We crested another of the small ridges late afternoon and stopped for a break. As we drank our coffee a beautiful black horse started to approach us. It seemed curious, making lots of noise. It disappeared for a while then came back followed by two foals and then a team of other horses. They galloped past us not more than 50 meters away. It was an awesome sight and our first taste of Mongolian wildlife. As we packed up the cups we pondered if they were truly wild or if they were owned, part of a herd left to wander on there own.
Descending the ridge I was keen to stop and take in the vastness of this landscape, to sit and enjoy the warm evening sun. Liz on the other hand seemed to have bounds of energy and wanted to make the most of the great cycling weather. We reached a compromise and set up a slightly early than planned camp. Relaxing in our camp chairs and eating our dinner things seemed quite civilized. If the desert was going to be like this we were going to enjoy it.

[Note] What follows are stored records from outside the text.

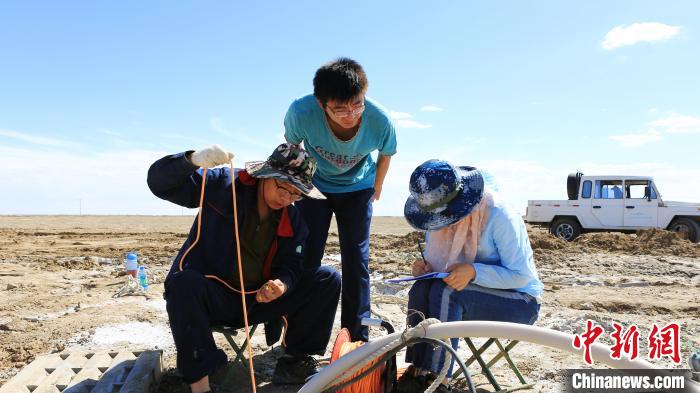 圖為專家測量鹽湖鹵水水位。(資料圖) 柴綜院 供圖
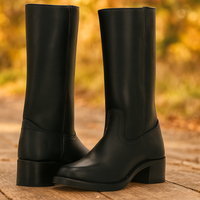 Hohe Damenstiefel im klassischen Stil - Saray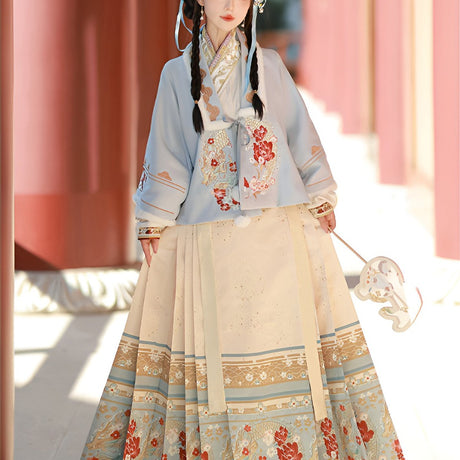 Ming-Style Women's Hanfu with Mamianqun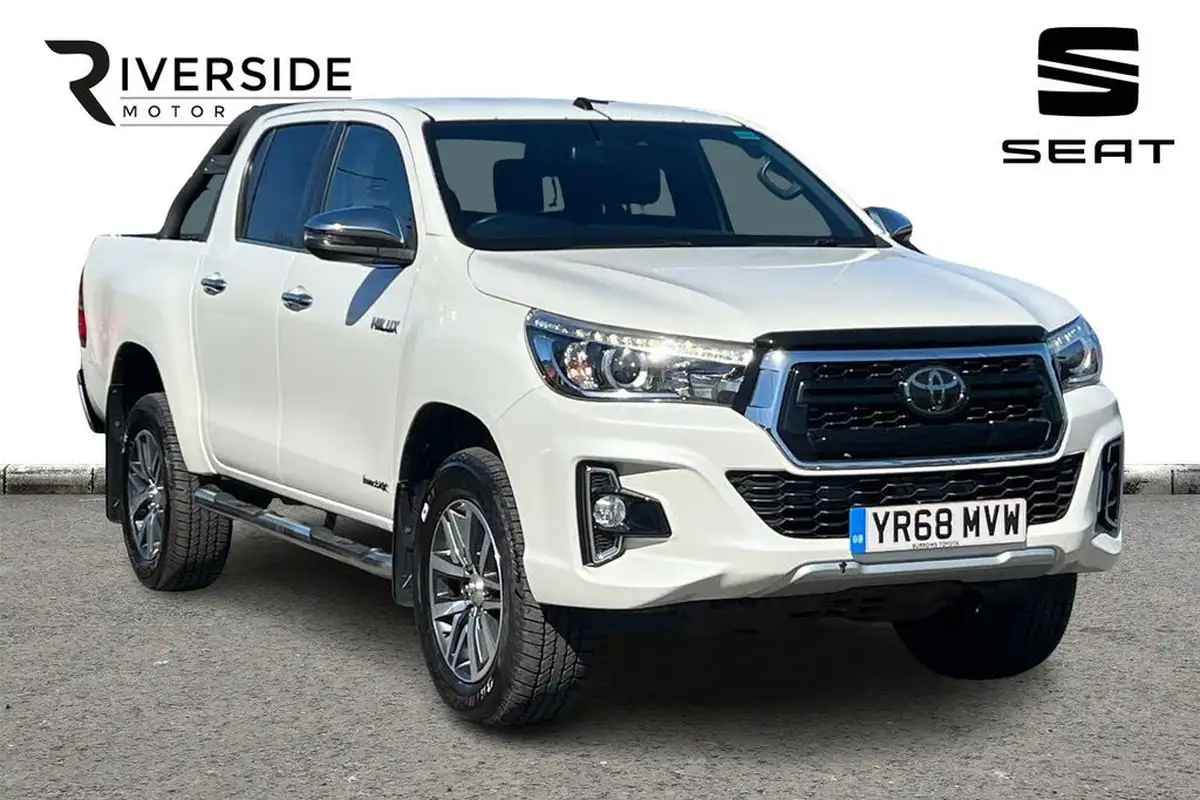 2018-toyota-hi-lux-24d-4d-invincible-at35-32t-auto-big-0
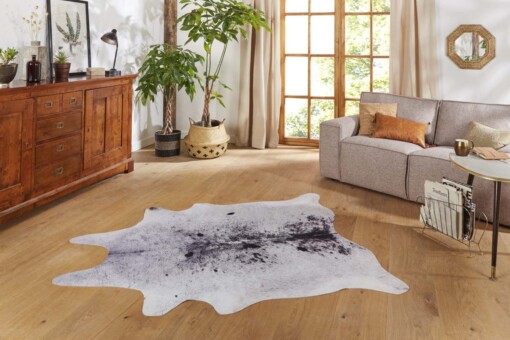 Dierenhuid vloerkleed Optik Earl - crème/grijs - sfeer
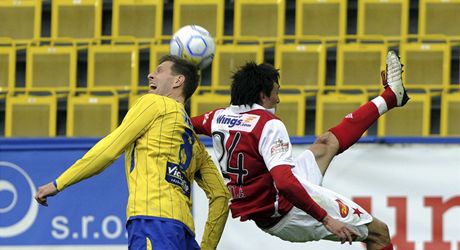 Ondráovka Cup - Teplice vs. Slavia (prázdné tribuny).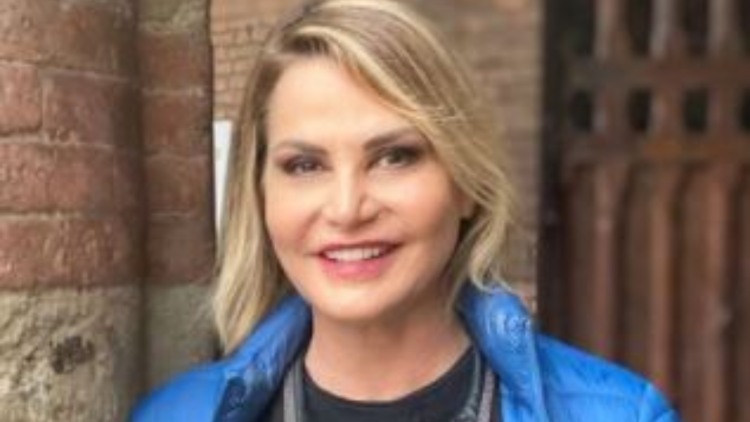 Simona Ventura Senza Trucco Insulti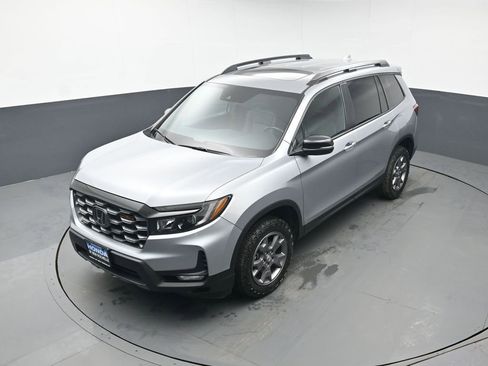 Certified 2024 Honda Passport TrailSport image 40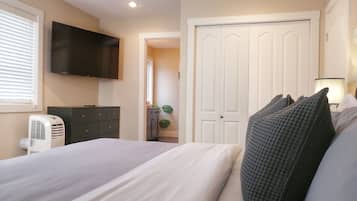 2 dormitorios, tabla de planchar con plancha, wifi y ropa de cama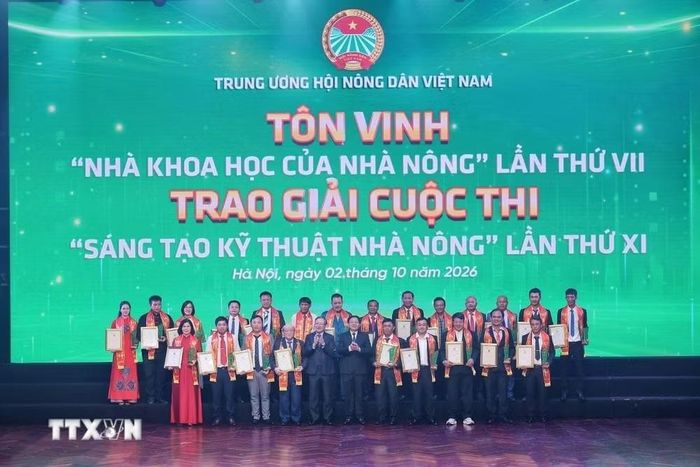 Các tác giả đạt giải Cuộc thi “Sáng tạo kỹ thuật Nhà nông” lần thứ XI năm 2026 chụp ảnh lưu niệm cùng đại biểu tại chương trình. (Ảnh: Phạm Tuấn Anh/TTXVN)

It was a strange day of enforced captivity but it reminded us how venerable we really are to the elements and that it's not often you get to experience the full force of what nature can do without having the option to take shelter inside.
The next day did we were both keen to make some progress, whilst I did not want to rush this experience we still had to move at a reasonable distance each day. Our food and water supplies would not last forever. It ended up being one of those days where nothing seemed to flow, we struggled to get into any kind of rhythm and the wind had picked up hindering our progress further. By mid afternoon we had hardly covered any ground but were thankful that the rain clouds had missed us and things were starting to flow again.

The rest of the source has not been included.